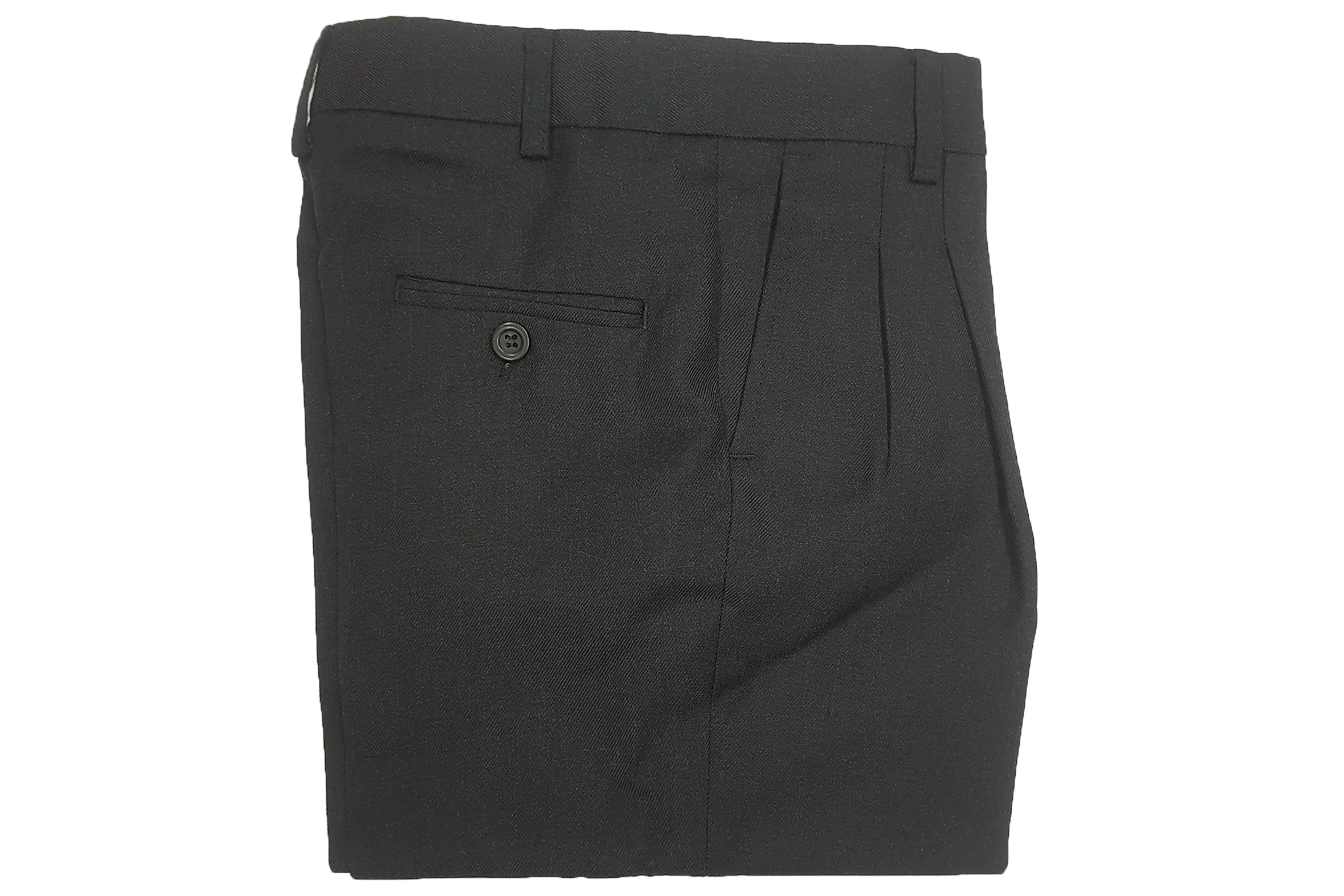 Beltloop Trouser - Charcoal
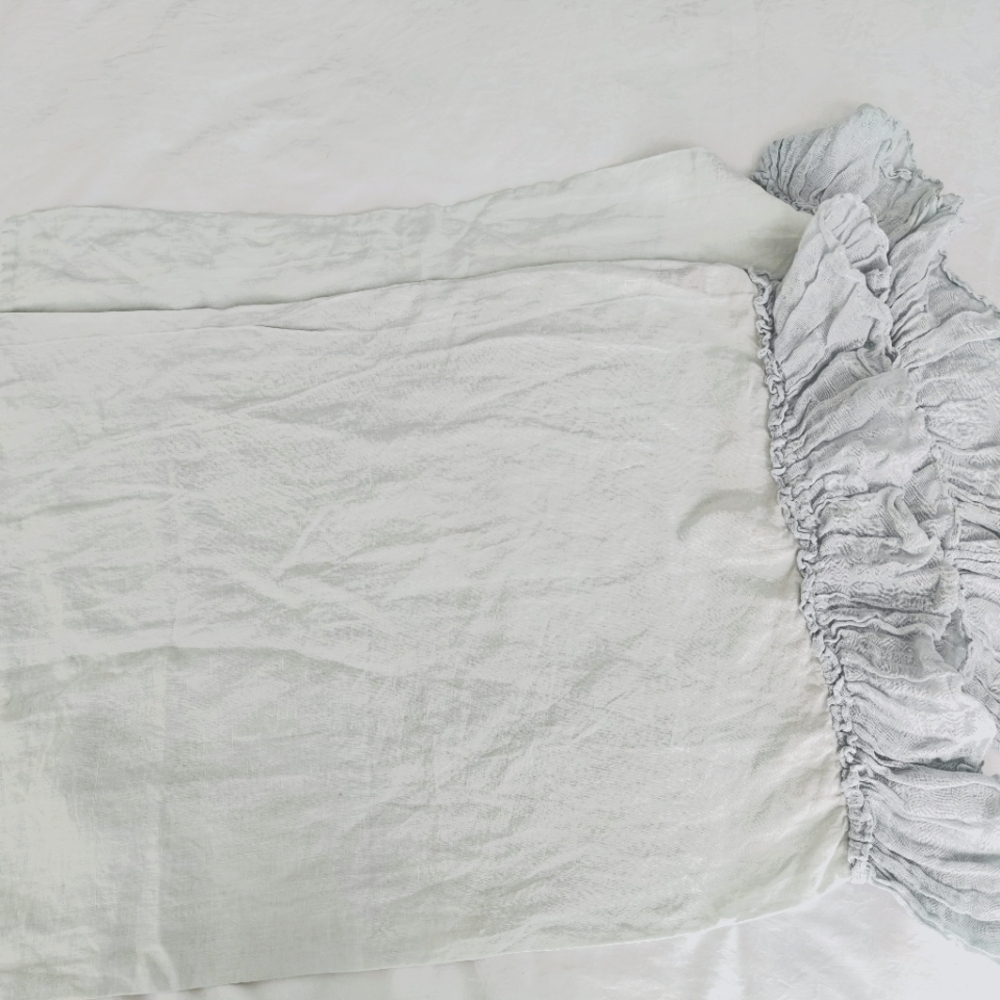 Bella Notte linen pillow cases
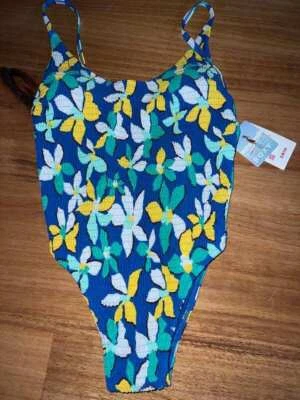 NEW WITH TAGS ROXY LADIES SUNNY DAYS ONE PIECE SWIMSUIT RRP $139 - image 1 of 4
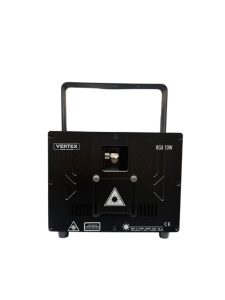 Vertex Laser 10W CON Ilda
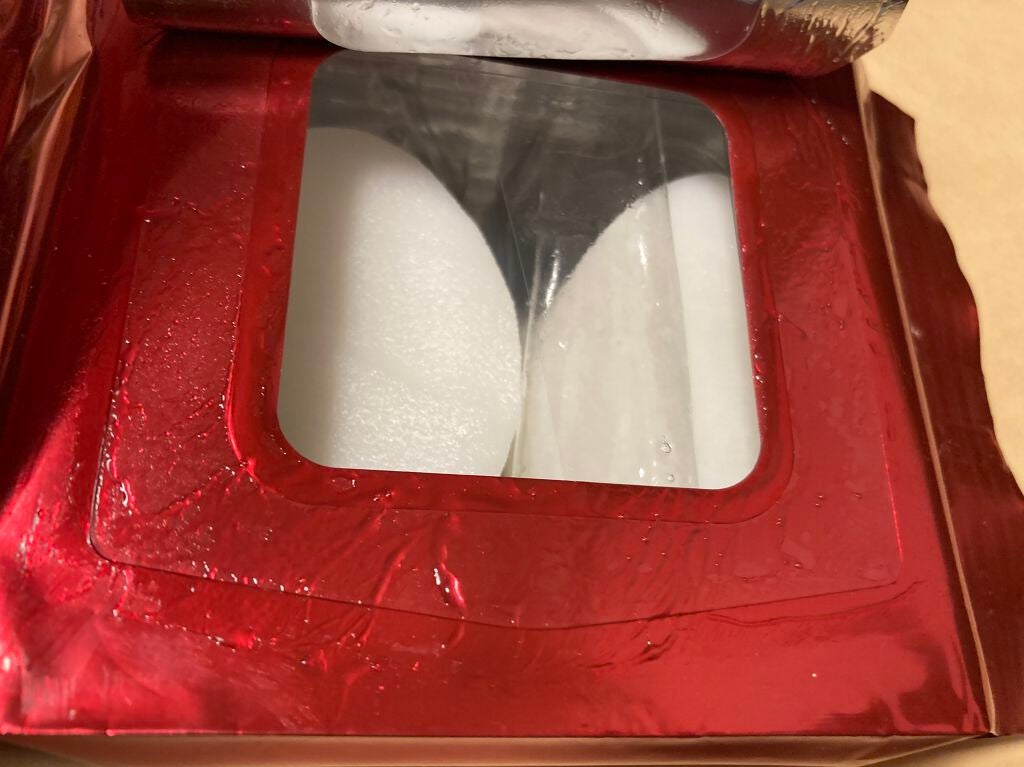 ルルルンプレシャス 部分用マスク/ルルルン/シートマスク・パックを使ったクチコミ(2枚目)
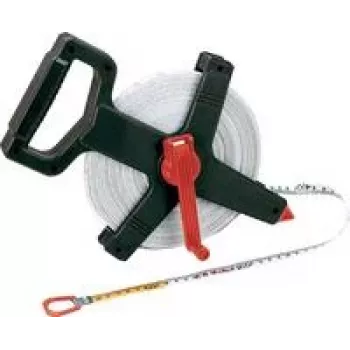 kwb 50 m glasfibermåttband 063495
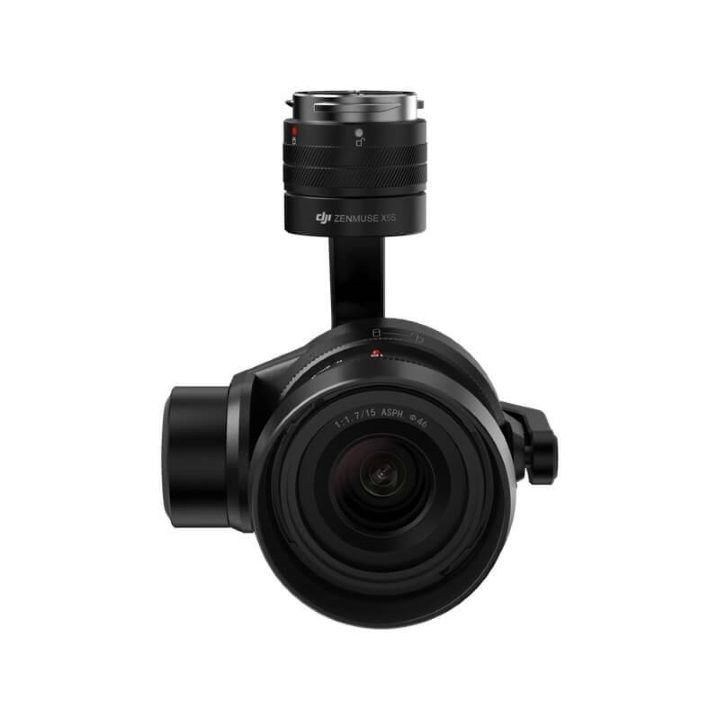 DJI Zenmuse X5S 5.2K 20MP Camera Gimbal & Lens (15mm f/1.7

+++

Leaving out the pictures, return exactly the lines from the one that contains "ルルルンプレシャス 部分用マ" through the last line of the records above, inclusive.

▸ **SOLUTION TO THIS PROBLEM**:
 ルルルンプレシャス 部分用マスク/ルルルン/シートマスク・パックを使ったクチコミ(2枚目)
 kwb 50 m glasfibermåttband 063495
 DJI Zenmuse X5S 5.2K 20MP Camera Gimbal & Lens (15mm f/1.7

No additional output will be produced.